A descrição clínica da B20 abrange um espectro de manifestações resultantes da imunodeficiência induzida pelo HIV, que predispõe a infecções oportunistas, neoplasias e outras complicações. As doenças infecciosas e parasitárias associadas incluem, por exemplo, tuberculose (pulmonar ou extrapulmonar), infecções por citomegalovírus, herpes simples recorrente, candidíase oral ou esofágica, e parasitoses como toxoplasmose cerebral. O quadro pode variar de agudo a crônico, com sintomas como febre, sudorese noturna, perda de peso, linfadenopatia e sinais específicos da infecção subjacente, dependendo do patógeno e do grau de imunossupressão. A progressão é influenciada pela carga viral do HIV, contagem de CD4+ e acesso ao tratamento antirretroviral.

Quadro clínico

O quadro clínico é heterogêneo, dependendo da infecção oportunista específica. Sintomas gerais incluem febre prolongada, sudorese noturna, astenia, perda de peso não intencional e linfadenopatia generalizada. Manifestações específicas podem envolver: respiratórias (tosse, dispneia em pneumonia por P. jirovecii), neurológicas (cefaleia, confusão, convulsões em toxoplasmose cerebral), gastrointestinais (diarreia, disfagia em candidíase esofágica) e cutâneas (lesões em herpes ou sarcoma de Kaposi). A evolução pode ser rápida em imunossuprimidos graves, exigindo diagnóstico e intervenção precoces.

Complicações possíveis

Sepse e choque séptico

Devido a infecções bacterianas ou fúngicas disseminadas em contexto de imunossupressão grave.

Insuficiência respiratória

Associada a pneumonias oportunistas como por P. jirovecii ou tuberculose.

Encefalite ou meningite

Causada por patógenos como Cryptococcus ou Toxoplasma, levando a déficits neurológicos.

Caquexia e síndrome consumptiva

Perda de massa muscular e gordura devido à infecção crônica e inflamação sistêmica.
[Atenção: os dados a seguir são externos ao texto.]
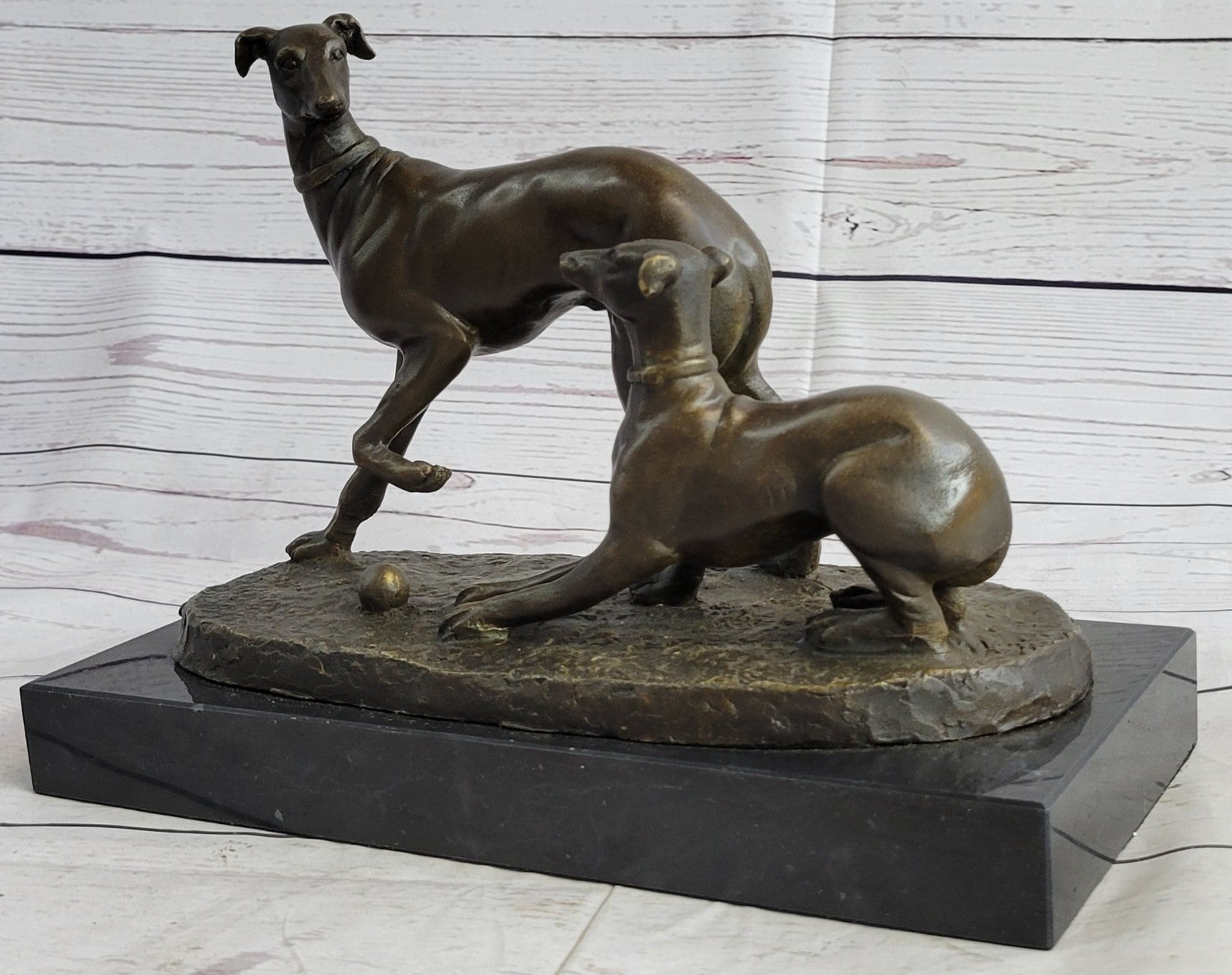 Art Deco Two Cute Greyhound Dog Dogs Musuem Quality Artwork by Mene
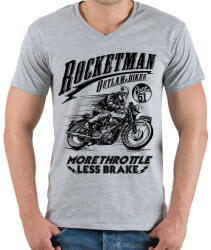 printfashion Rocketman - Férfi V-nyakú póló - Sport szürke (194688)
Resistência antimicrobiana

Desenvolvimento de resistência em patógenos devido a tratamentos prolongados ou inadequados.

Epidemiologia

Globalmente, o HIV/AIDS afeta aproximadamente 38 milhões de pessoas, com maior prevalência na África Subsaariana. No Brasil, estima-se mais de 900.000 pessoas vivendo com HIV, com taxas de incidência estáveis devido aos esforços de prevenção e tratamento. A B20 é comum em estágios avançados da infecção, particularmente em populações com acesso limitado à saúde, como usuários de drogas injetáveis, profissionais do sexo e homens que fazem sexo com homens. A transmissão ocorre principalmente por via sexual, seguida por transmissão vertical e parenteral. A epidemiologia é marcada por disparidades socioeconômicas e regionais.

Prognóstico

O prognóstico da B20 depende criticamente do acesso e adesão à terapia antirretroviral (TARV), da precocidade do diagnóstico e do manejo das infecções oportunistas. Com TARV eficaz, a sobrevida pode se aproximar da população geral, com supressão viral e recuperação imunológica. Sem tratamento, a progressão para AIDS é inevitável, com alta mortalidade em meses a anos. Fatores como contagem de CD4+ basal, carga viral, comorbidades e suporte psicossocial influenciam os desfechos. Complicações como infecções graves ou neoplasias associadas ao HIV podem piorar o prognóstico.